Buyer Guide: ML Training & Industrial Licensing
This guide explains how Applesauce prices its Derived Audio Data SKU for Machine Learning, AI training, and industrial applications. We use a programmatic, utility-based model to ensure transparency and legal safety for enterprise buyers.
Sensitive Inference Policy
All datasets adhere to our Sensitive Inference Governance policy (see Appendix A).

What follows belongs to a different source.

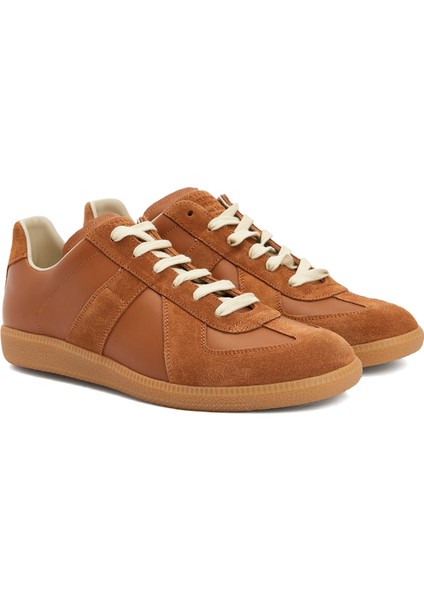 Replica Kahverengi Erkek Deri Sneaker
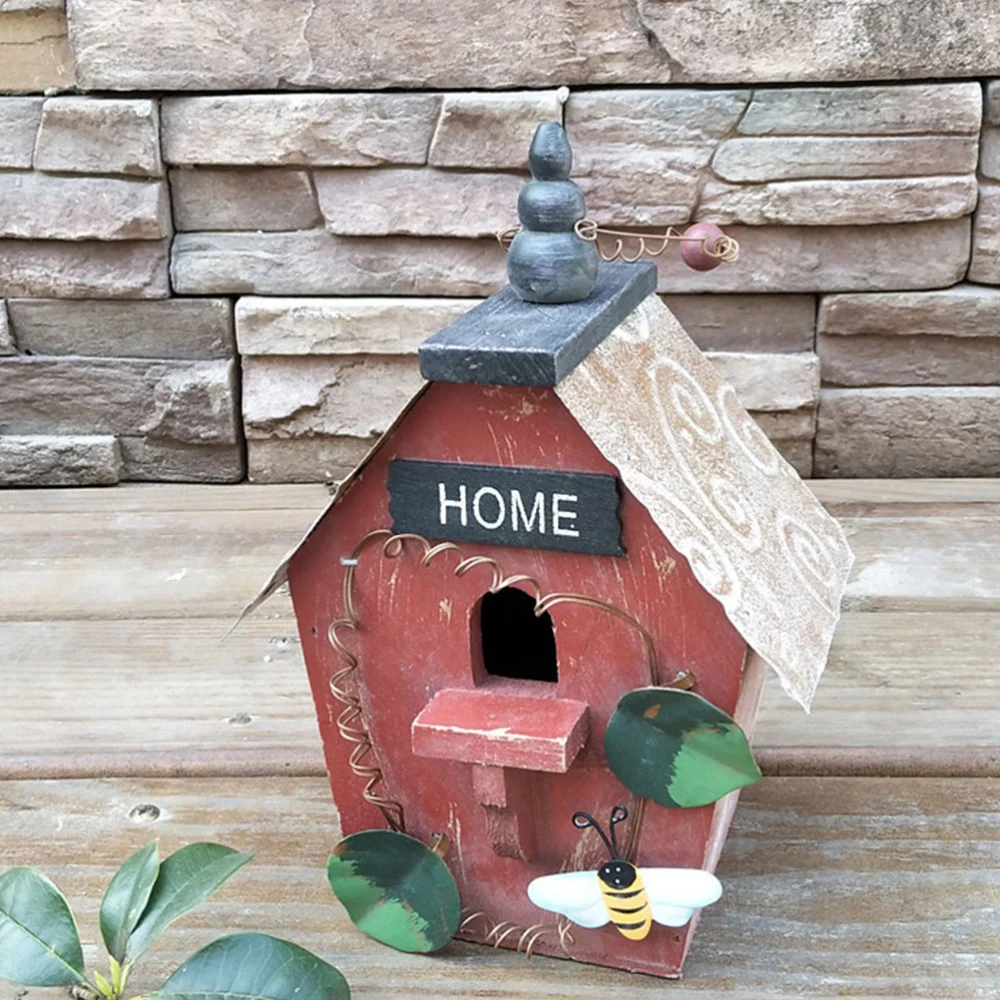 Creative Rural Garden Wooden Bird House Pendant Outdoor Decoration Crafts Wooden House Hanging Pendant Gift for Home Garden (Red Iron Roof Style)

Labels for protected attributes (e.g., emotion, demographics) are opt-in only, and use for surveillance or hiring eligibility is strictly prohibited.
Embeddings Usage: Embeddings are provided for modeling utility; buyers are prohibited from using them for identification, authentication, or re-identification of individuals.
The Price Foundation
Unlike standard licensing which relies on subjective artist weights, ML Training data is priced based on Industrial Utility and Scale Economics.
1. The 70/30 Transparency Split
Every dollar you spend is allocated through a fixed ratio:
- 70% to the Human Pool: This goes directly to the creators whose data is included in your bundle.
- 30% to Applesauce: This covers the cost of identity verification (KYC), secure data extraction, high-fidelity hosting, and legal chain-of-custody management.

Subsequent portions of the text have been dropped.